Es importante mencionar que el metraje fue rodado durante la Guerra Fría, cuando el mundo entero estaba bajo la amenaza de un ataque nuclear entre Rusia y Estados Unidos. Tomando esto en cuenta, el discurso del protagonista cobra aún más sentido, pues era una época de gran progreso tecnológico y científico —la carrera espacial estaba en su auge, por ejemplo—, pero el principal motor de ese desarrollo era una competencia de poder que en cualquier momento podía desembocar en un conflicto bélico sin precedentes.
LA HISTORIA SE REPITE
Una vez en casa del cumpleañero, la celebración se ve interrumpida por el sonido de un bombardero y la noticia, transmitida por televisión, de que ha iniciado la guerra. Con ello se desata un temblor, la oscuridad —el servicio eléctrico se interrumpe— y un terror generalizado ante la incertidumbre.
Contrario a lo que suele caracterizar al cine apocalíptico, Tarkovsky se abstiene de mostrar la histeria colectiva, las huidas masivas, la violencia explícita. Por el contrario, opta por presentar el estado emocional de una sociedad cerca de su propio fin mediante un lenguaje cinematográfico que refleja más una realidad interior que una realidad objetiva.

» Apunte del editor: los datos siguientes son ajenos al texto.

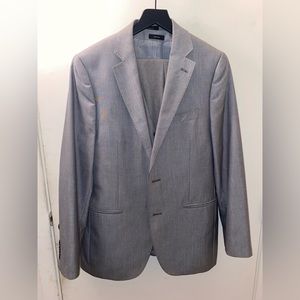 J. Ferrar grey suit + vest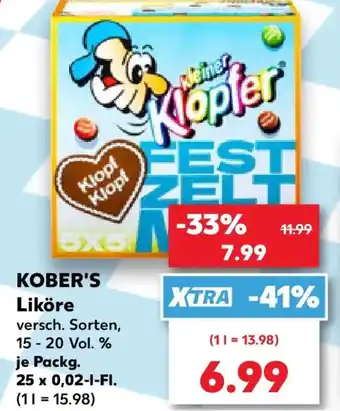 Kaufland KOBER'S Liköre Angebot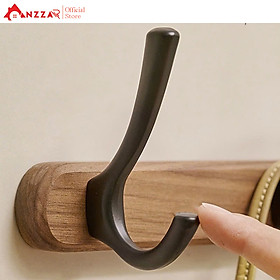 Mua Móc treo tường bằng gỗ óc chó Anzzar  Giá treo áo treo tường thích hợp cho phòng tắm Nhà bếp Phòng ngủ Hành lang MT-11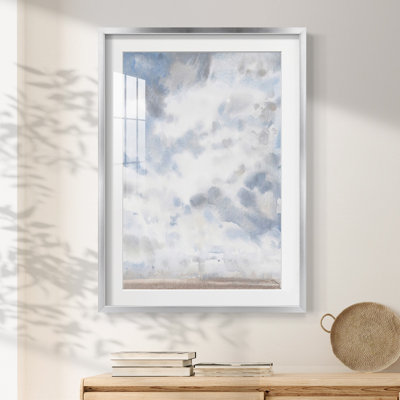 Sky Blue IV  -Framed Print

Todo transcurre dentro de la casa, donde los personajes están confinados y se mueven pausadamente esperando a que pase lo que tenga que pasar —muy probablemente la aniquilación, a pesar de que la voz del televisor indicó que lo más seguro era quedarse en casa—. La espera se extiende en planos secuencia largos, donde todos intentan asimilar este recién iniciado capítulo de la historia y darle un sentido a través de la razón, aunque claramente fallan en tal propósito. Los silencios son prolongados y pesados, al igual que los movimientos de cámara. Los colores se vuelven tan insaturados que parecen haberse desvanecido por completo, como un augurio de lo que podría pasarle a la vida sobre la faz de la tierra.
Es entonces que Alexander retoma su relación con Dios, orando y ofreciéndole deshacerse de todo lo que ama a cambio de una oportunidad más para la humanidad. Otto le indica que vaya a buscar a su propia sirvienta, María, pues él sabe que es una bruja y puede ayudarlo a detener la catástrofe. Tal vez porque su educación racional no puede brindar ninguna solución en ese momento, Alexander decide recurrir a la magia y visitar a esta mujer, con quien tiene relaciones mientras ella le brinda palabras de consuelo y lo acoge en un abrazo que hace flotar sus cuerpos desnudos sobre la cama.
A la mañana siguiente todo está en calma, como si nada hubiera pasado. La petición del protagonista se ha cumplido, pero ahora deberá cumplir con su parte del trato: el sacrificio. Es como si el Dios que Nietzsche había dado por muerto hubiera resucitado, así como el árbol que floreció después de haber sido regado por el monje, así como Hiroshima renació de entre las cenizas tras el estruendo de la bomba atómica.
El eterno retorno se manifiesta en este resurgir de la vida, pero también en la tabula rasa que representan las nuevas generaciones, encarnadas por el hijo de Alexander, para quien nunca hubo ningún peligro porque estuvo dormido todo el tiempo en la casa, reposando una operación reciente en la garganta. Cuando el niño habla por primera vez en toda la película, dice lo siguiente: “En el principio estaba la Palabra, ¿por qué, papá?”, luego de haber regado el árbol que plantaron el día anterior. Su padre no está ahí para resolver su duda, pero quizá la respuesta tenga que ver con que a través de la palabra se transmite la historia, y si esta no se transmite, la humanidad está condenada a repetirla.